PROVIDED MATERIAL:
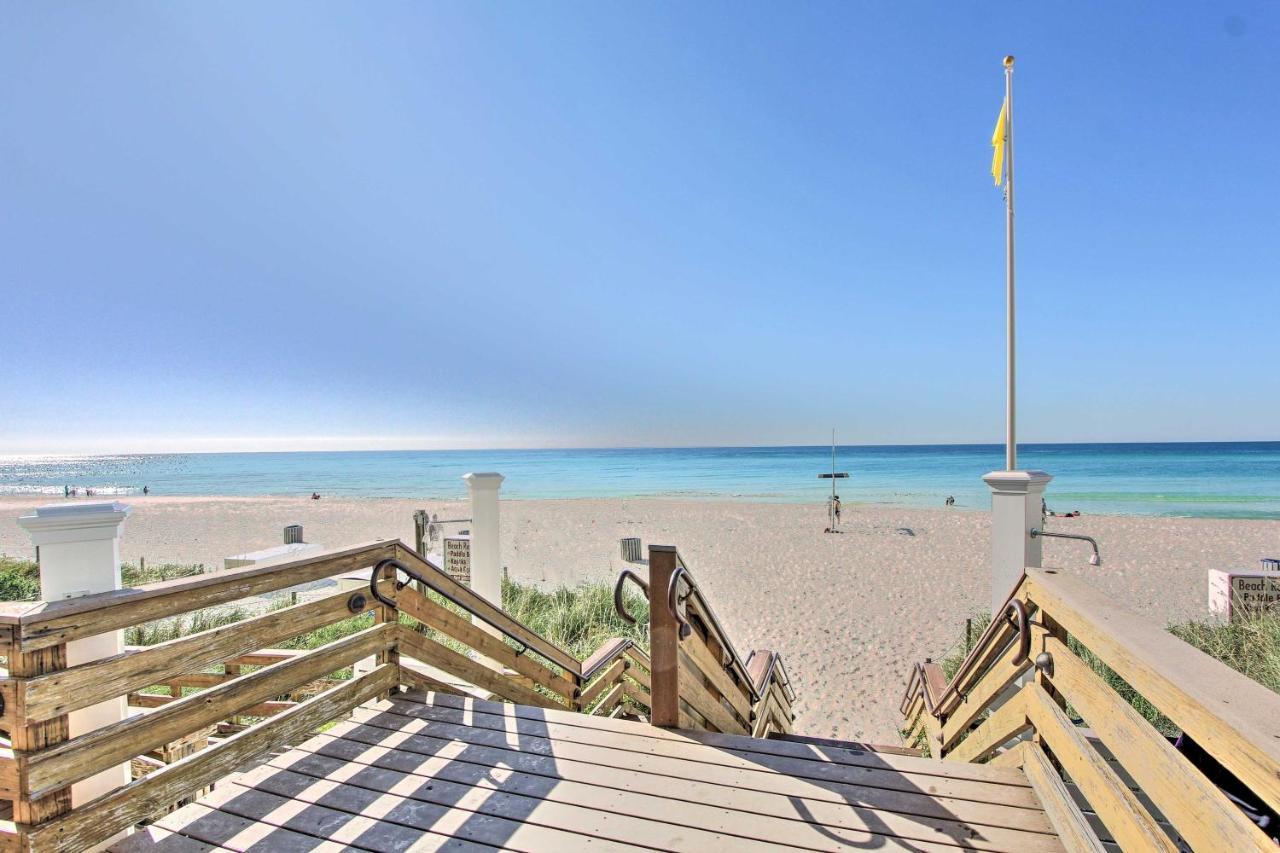 28Th-Floor Panama City Beach Condo With Ocean Views! المظهر الخارجي الصورة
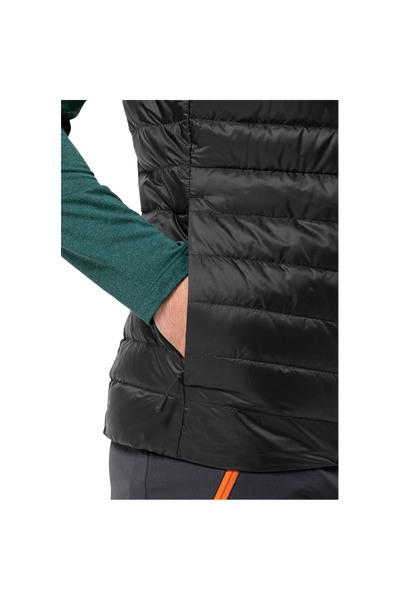 Jack Wolfskin Pilvi Down Vest Men's Black Vest 1207711-6000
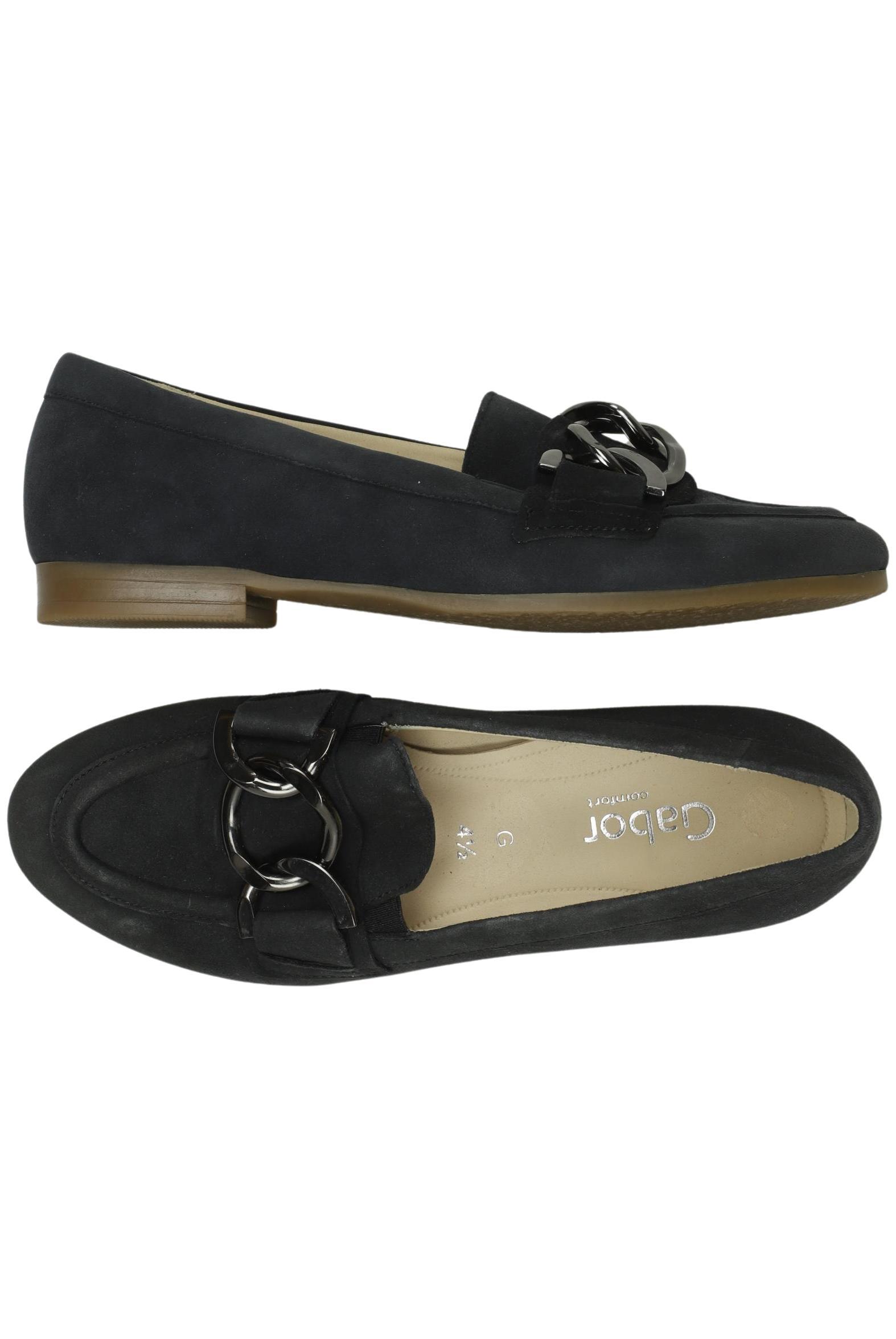 

Gabor Damen Halbschuh, marineblau, Gr. 4.5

TASK GOAL:
Drop the pictures and copy the data exactly.

RESULT BELOW:
 28Th-Floor Panama City Beach Condo With Ocean Views! المظهر الخارجي الصورة
 Jack Wolfskin Pilvi Down Vest Men's Black Vest 1207711-6000

Gabor Damen Halbschuh, marineblau, Gr. 4.5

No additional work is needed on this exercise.